[Data section Boundary: Start]

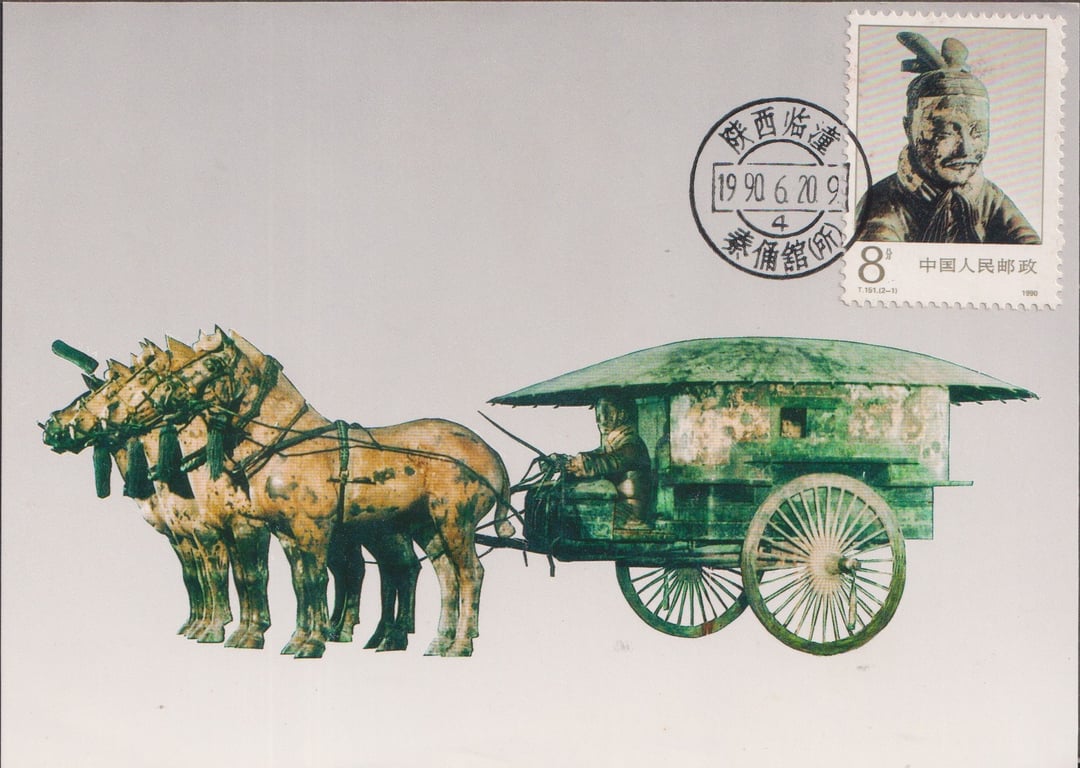China, 1990, 中国人民邮政明信片，陕西临潼泰俑馆（所）； T. 151中国人民邮政8分邮票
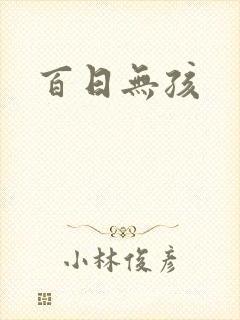 百日无孩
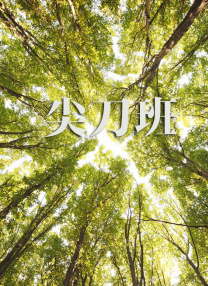 日本一区二区三区高清在线观看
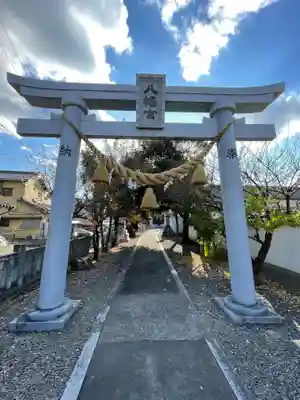 井内八幡宮(愛知県)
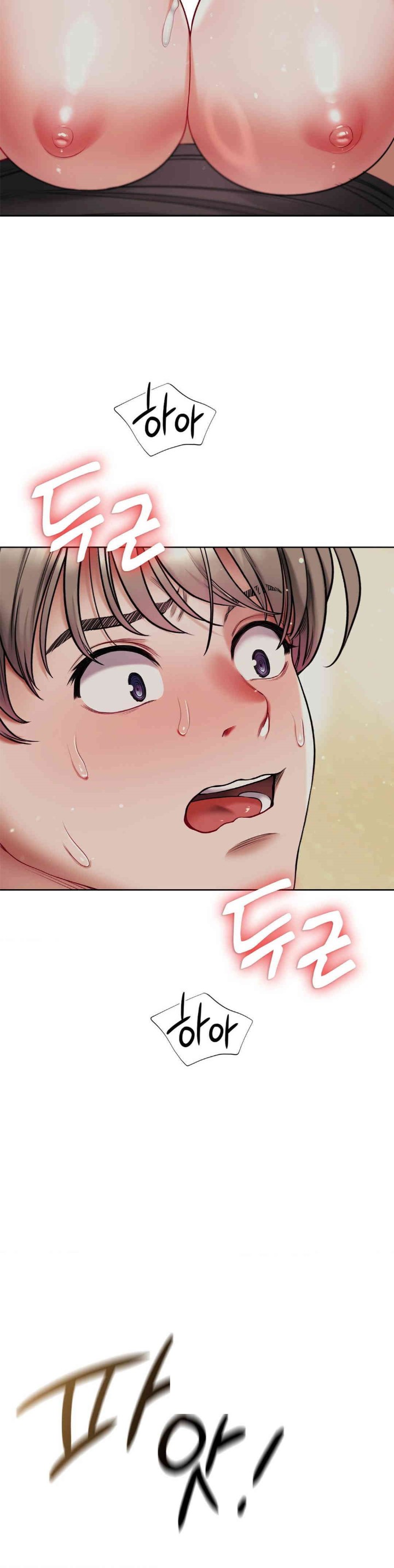 My Stowaway Diary Raw Chapter 23 image 33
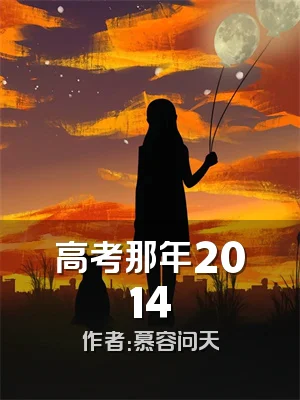 高考那年2014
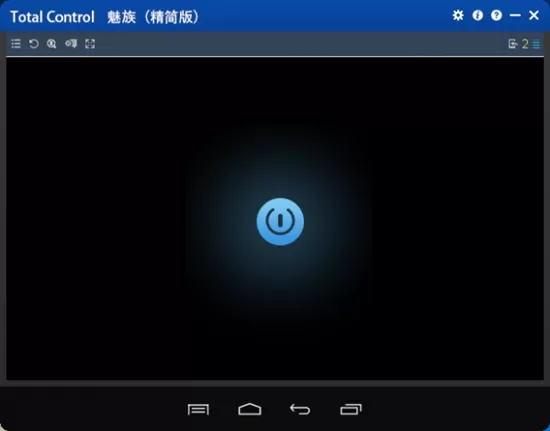 通过Total Control直播的操作流程
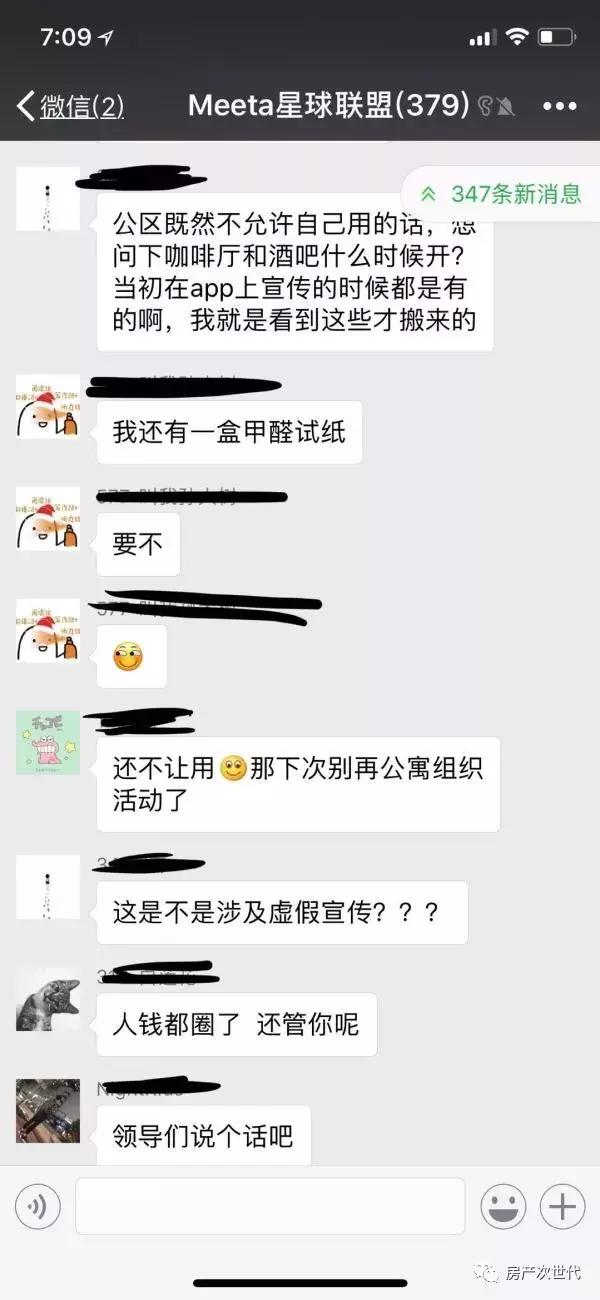 头昏、失眠、全身红疹、不能维权，我住的可是最贵的自如寓！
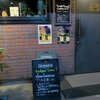 「Bar Chic JAM Session」で山形県鶴岡市までドライブ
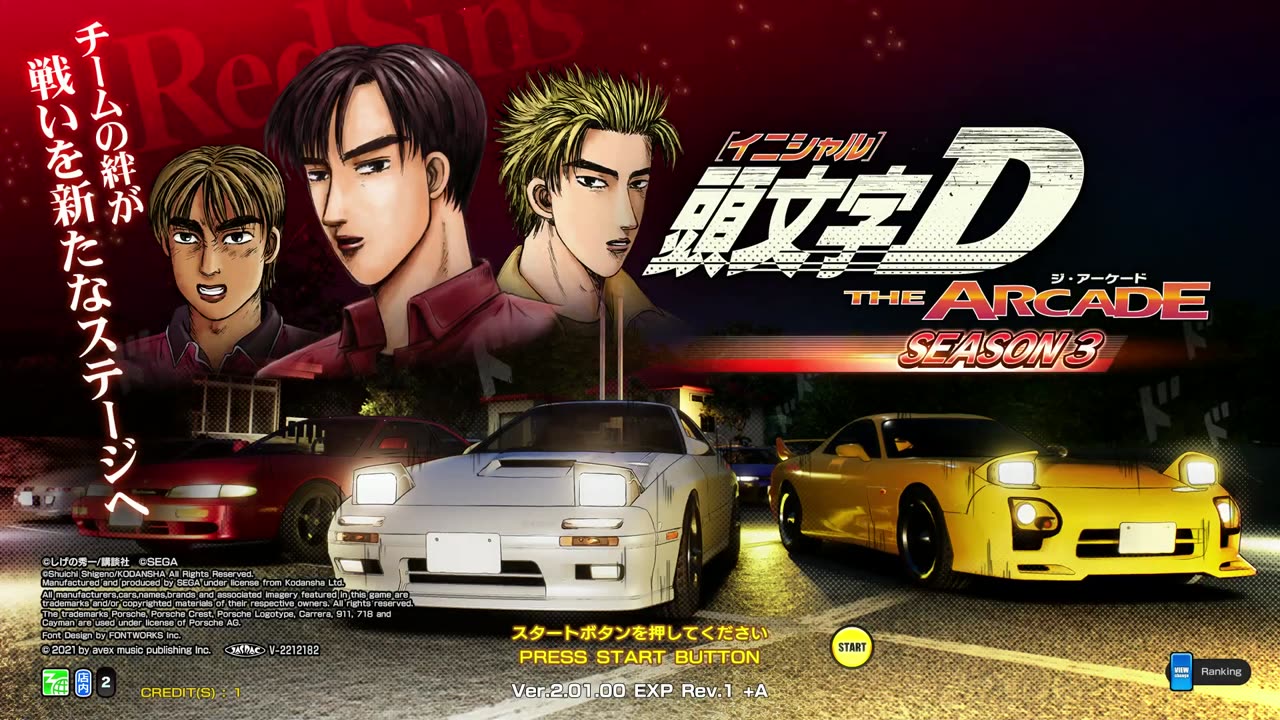 頭文字D THE ARCADE Initial D THE ARCADE DAC Gameplay Video 20230707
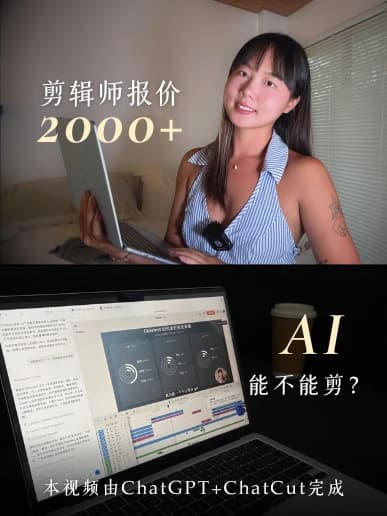 AI 剪口播视频实测,ChatGPT + ChatCut,原始作品封面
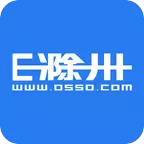 E滁州官方app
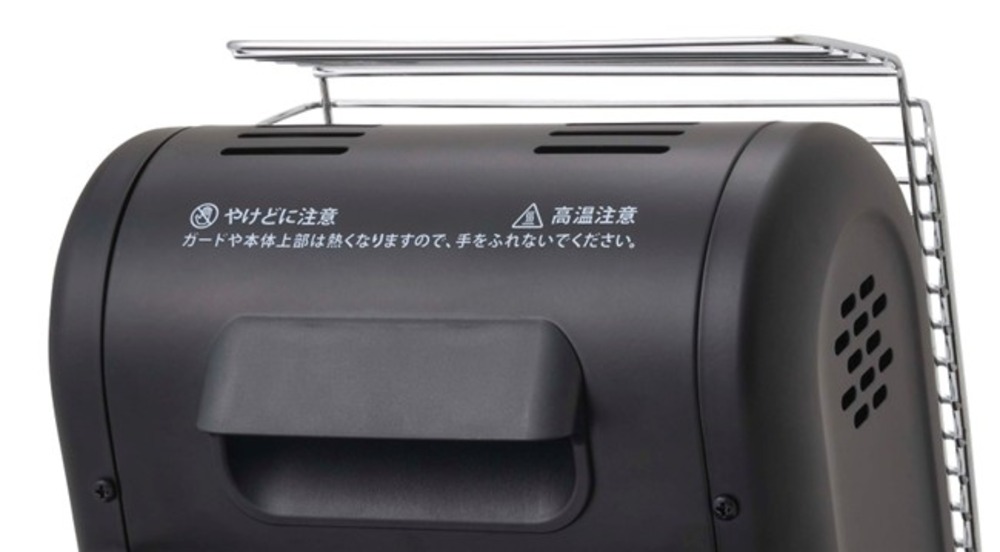 取って部分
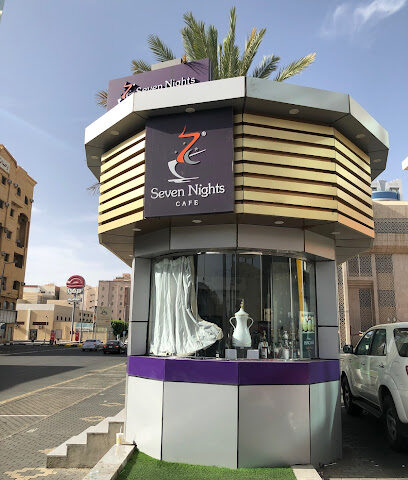 تربل سفن كافية - الطائف - +966 50 000 7775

[Data section Boundary: End]

* Task goal:
Type out all the records verbatim, minus images.

* Exercise output:
China, 1990, 中国人民邮政明信片，陕西临潼泰俑馆（所）； T. 151中国人民邮政8分邮票
 百日无孩
 日本一区二区三区高清在线观看
 井内八幡宮(愛知県)
 My Stowaway Diary Raw Chapter 23 image 33
 高考那年2014
 通过Total Control直播的操作流程
 头昏、失眠、全身红疹、不能维权，我住的可是最贵的自如寓！
 「Bar Chic JAM Session」で山形県鶴岡市までドライブ
 頭文字D THE ARCADE Initial D THE ARCADE DAC Gameplay Video 20230707
 AI 剪口播视频实测,ChatGPT + ChatCut,原始作品封面
 E滁州官方app
 取って部分
 تربل سفن كافية - الطائف - +966 50 000 7775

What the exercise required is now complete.